_Data excerpt_
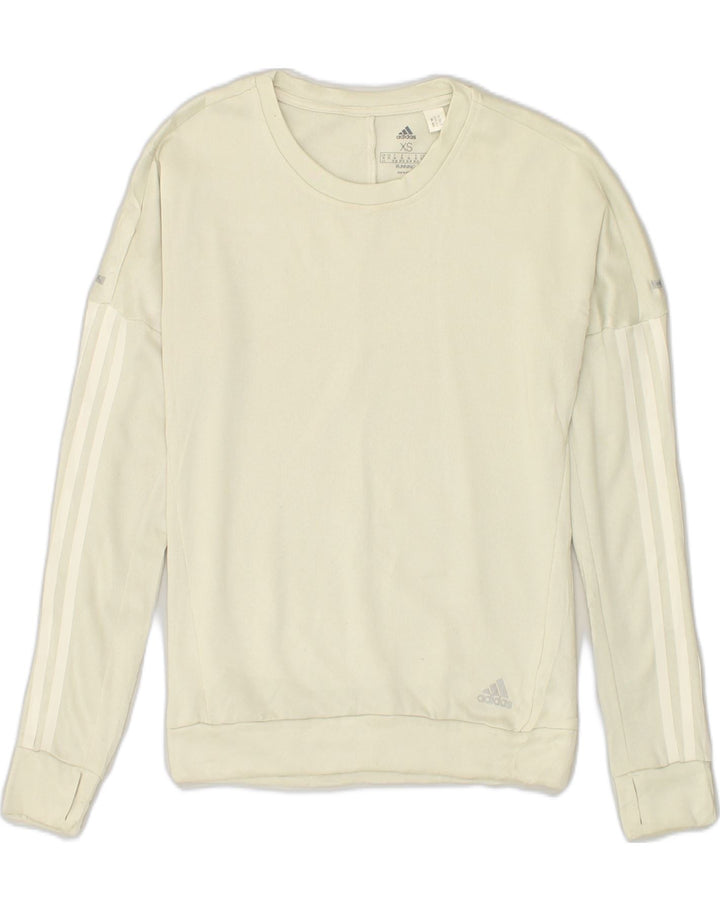 ADIDAS Womens Sweatshirt Jumper UK 4-6 XS Grey Polyester | Vintage Adidas | Thrift | Second-Hand Adidas | Used Clothing | Messina Hembry 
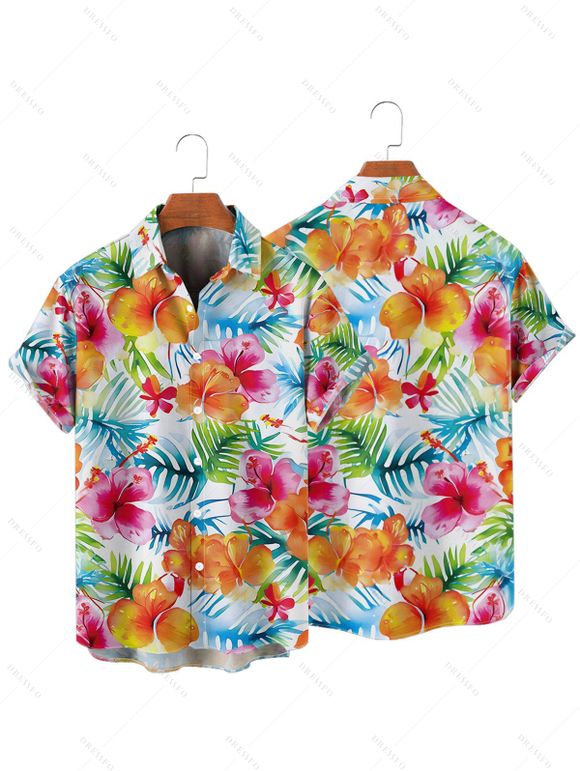 Chemise hawaïenne à manches courtes et boutons pour homme, motif floral tropical et feuilles - Blanc 4XL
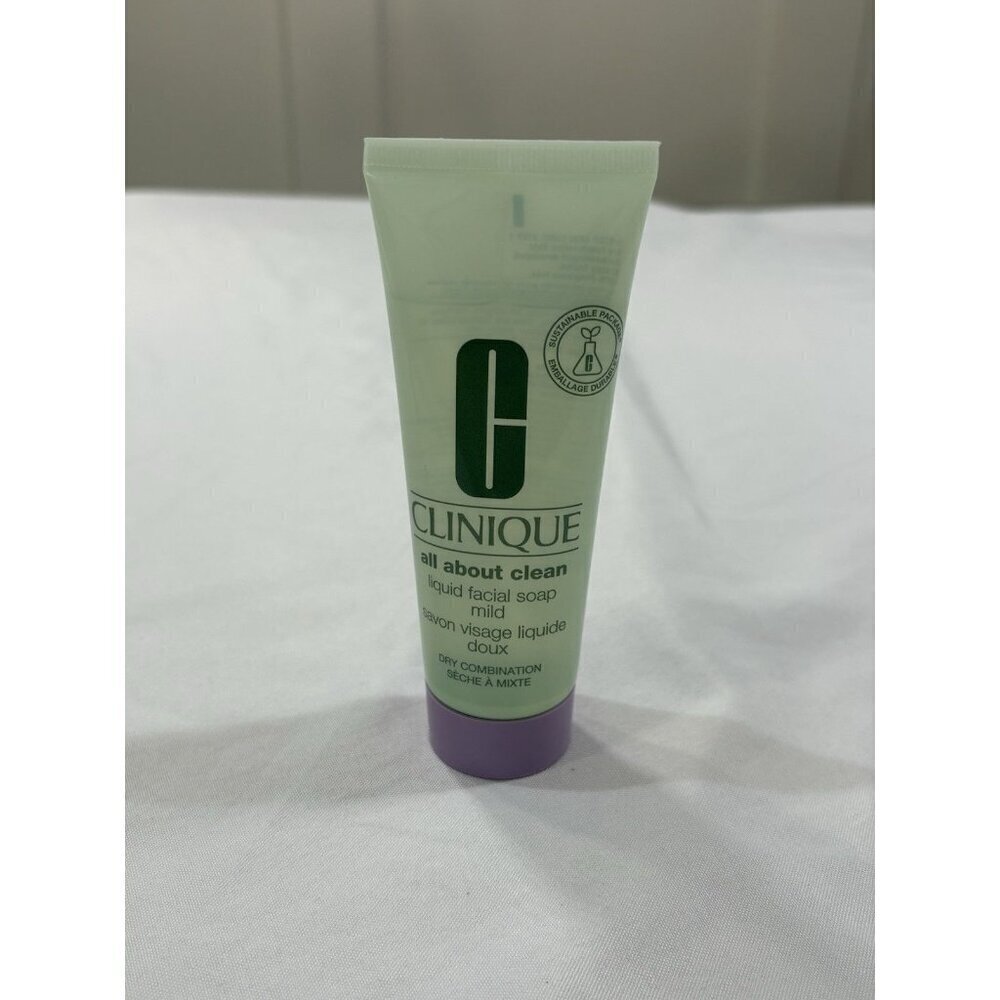 CLINIQUE All About Clean Liquid Facial Soap Mild Dry Combination 2.5 oz Tube NEW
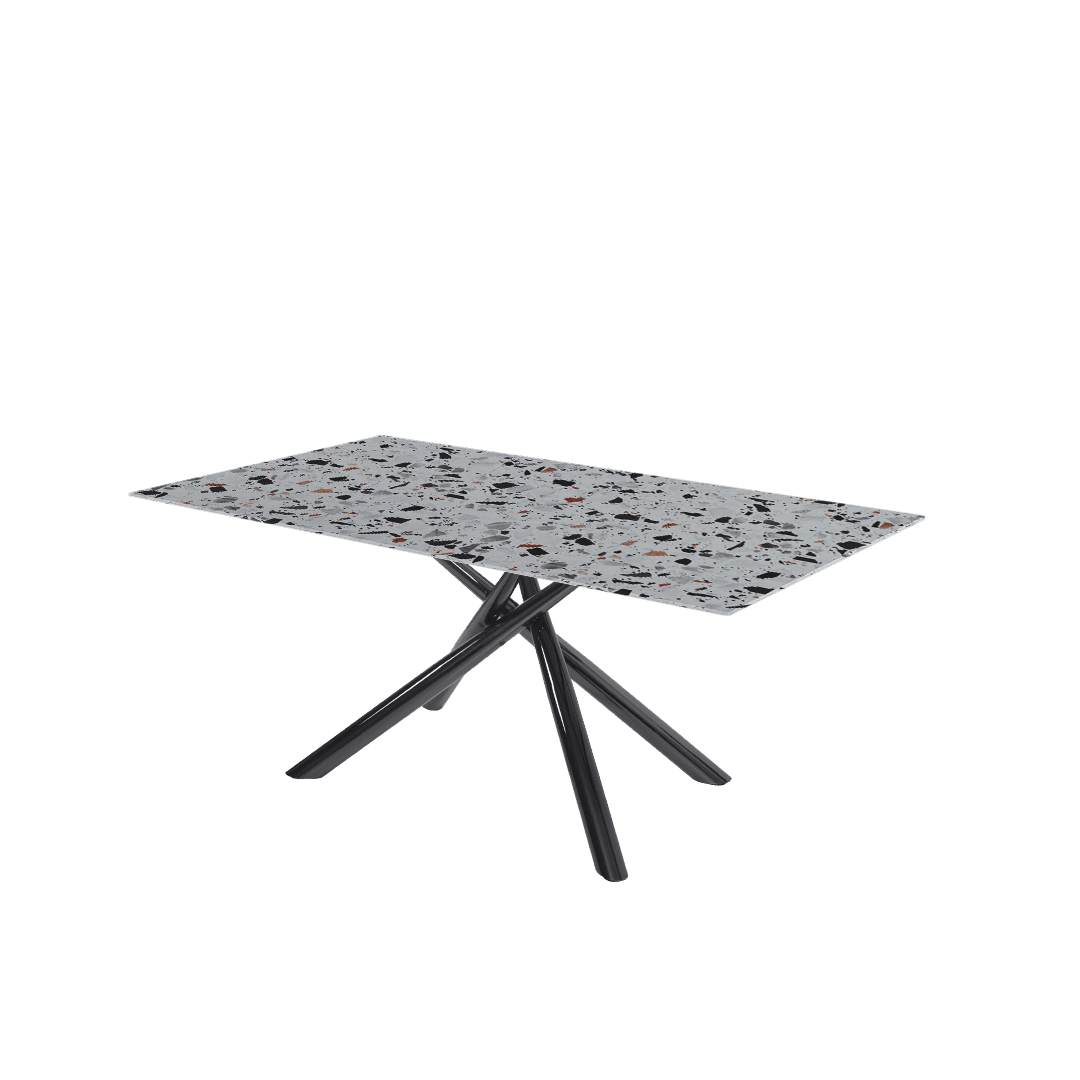 Rectangular Marble Dining Table 1.8×1.0m | Black Glossy Spider Base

_What is being asked_
Please repeat everything in the data above except the pictures, exactly as it reads.

_Result for this exercise_
 ADIDAS Womens Sweatshirt Jumper UK 4-6 XS Grey Polyester | Vintage Adidas | Thrift | Second-Hand Adidas | Used Clothing | Messina Hembry 
 Chemise hawaïenne à manches courtes et boutons pour homme, motif floral tropical et feuilles - Blanc 4XL
 CLINIQUE All About Clean Liquid Facial Soap Mild Dry Combination 2.5 oz Tube NEW
 Rectangular Marble Dining Table 1.8×1.0m | Black Glossy Spider Base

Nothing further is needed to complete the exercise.